Pada bagian sebelumnya sudah dinyatakan dalam butir (8), bahwa 

kadang-kadang disisipkan sejumlah catatan dalam laporan tentang seorang 

raja. Selain dari itu, terdapat sejumlah narasi atau deretan narasi-narasi agak 

panjang yang memecah skema tersendiri. Contoh-contohnya adalah berikut 

ini. 

  

- Narasi seputar RajaYerobeam I (1Raj 12-14). 

- Narasi tentang perang-perang melawan Aram dan sederetan narasi 

tentang Elia dan Elisa (1Raj.17 - 2Raj.8). 

- Pembaharuan Perjanjian dan pembaharuan Deuteronomistis di 

bawah pimpinan raja Yosia (2Raj.22-23). 

- Kata penutup kitab yang memuat narasi penghancuran Yerusalem 

dan pembuangan ke Babel (2Raj.25). 

 

Dari hasil penilaian masing-masing raja, nampak dengan jelas bahwa 

kebanyakan raja tidak setia kepada Allah. Di Kerajaan Israel (Utara) semua 

raja berbuat jahat dengan mengikuti jejak Yerobeam menyembah berhala. Di 

kerajaan Yehuda hanya dua raja yang sungguh setia kepada Allah (Raja 

Hizkia dan Raja Yosia), enam raja yang agak setia (Raja Asa, Raja Yosafat, 

Raja Yoas, Raja Amazia, Raja Azarya atau Raja Uzia, dan Raja Yotam). 

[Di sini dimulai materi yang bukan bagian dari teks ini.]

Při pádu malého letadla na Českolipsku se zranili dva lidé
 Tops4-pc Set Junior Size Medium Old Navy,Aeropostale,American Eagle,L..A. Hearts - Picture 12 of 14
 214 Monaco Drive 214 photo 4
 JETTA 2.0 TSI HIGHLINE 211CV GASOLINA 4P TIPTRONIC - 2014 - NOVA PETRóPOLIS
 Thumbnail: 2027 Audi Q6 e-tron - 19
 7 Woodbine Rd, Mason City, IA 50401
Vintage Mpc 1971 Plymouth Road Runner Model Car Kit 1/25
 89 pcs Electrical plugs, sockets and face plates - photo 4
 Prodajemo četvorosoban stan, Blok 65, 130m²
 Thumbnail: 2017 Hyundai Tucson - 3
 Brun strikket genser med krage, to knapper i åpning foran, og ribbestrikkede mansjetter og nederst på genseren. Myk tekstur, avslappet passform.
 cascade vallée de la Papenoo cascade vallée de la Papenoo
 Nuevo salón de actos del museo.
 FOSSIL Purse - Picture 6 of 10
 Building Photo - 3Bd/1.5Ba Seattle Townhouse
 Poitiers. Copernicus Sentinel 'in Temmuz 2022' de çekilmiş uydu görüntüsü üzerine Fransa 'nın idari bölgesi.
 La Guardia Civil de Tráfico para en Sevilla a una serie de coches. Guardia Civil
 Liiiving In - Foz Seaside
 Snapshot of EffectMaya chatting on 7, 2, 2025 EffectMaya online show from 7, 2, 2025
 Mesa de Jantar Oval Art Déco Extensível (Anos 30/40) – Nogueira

Sisanya sama sekali tidak setia. Dengan demikian, penulis ingin menegaskan 

bahwa sesudah kematian Raja Daud, Kerajaan Israel terus-menerus merosot 

karena raja-rajanya tidak setia kepada Allah. Sebelum wafatnya, Raja Daud 

memang telah berpesan kepada penggantinya, yaitu Salomo.  

 

 121 

  

“Lakukanlah kewajibanmu dengan setia terhadap Tuhan, Allahmu, 

dengan hidup menurut jalan yang ditunjukkan-Nya, dan dengan tetap 

mengikuti segala ketetapan, perintah, peraturan, dan ketentuan-Nya, 

seperti yang tertulis dalam hukum Musa, supaya engkau beruntung 

dalam segala yang kaulakukan dan dalam segala yang kautuju, dan 

supaya Allah menepati janji yang diucapkan-Nya tentang aku, yaitu: 

Jika anak-anakmu laki-laki tetap hidup dihadapan-Ku dengan setia, 

dengan segenap hati dan dengan segenap jiwa, maka keturunanmu 

takkan terputus dari takhta kerajaan Israel!” (1Raj.2:3-4). 

 

 Pesan Raja Daud ini masih ditegaskan sekali lagi oleh Allah sendiri 

ketika Ia menampakkan diri kepada Raja Salomo (bdk. 1Raj.9:4-5). Akan 

tetapi, ternyata Raja Salomo tidak menuruti pesan ini. Ia mengawini 

perempuan-perempuan asing. Ia juga ikut sujud menyembah allah-allah 

mereka (bdk. 1Raj.11:1-8). Pengganti Raja Salomo, Raja Yerobeam, bahkan 

melakukan kejahatan yang lebih hebat lagi. Ia mendirikan dua tempat ibadat 

baru. Masing-masing di Dan dan di Betel guna menandingi tempat ibadat 

resmi di Yerusalem. Ia juga membuat dua patung lembu emas sebagai ganti 

Tabut Perjanjian. Ia mengangkat imam-imam yang bukan keturunan Lewi 

dan menentukan hari-hari raya sendiri (bdk. 1Raj.12:25-33). Demikianlah 

seterusnya raja-raja pengganti Daud ‘melakukan apa yang jahat di mata 

Allah» dan «mengakibatkan orang Israel berdosa pula’. Istilah dalam tanda 

kutip ini adalah istilah yang sering dipakai. Akibatnya, Allah menjadi murka 

dan mengoyakkan Kerajaan Tunggal Israel menjadi dua (1Raj.11:9-13) dan 

selanjutnya menghancurkannya (2Raj.17:1 - 23; 25:1-21). 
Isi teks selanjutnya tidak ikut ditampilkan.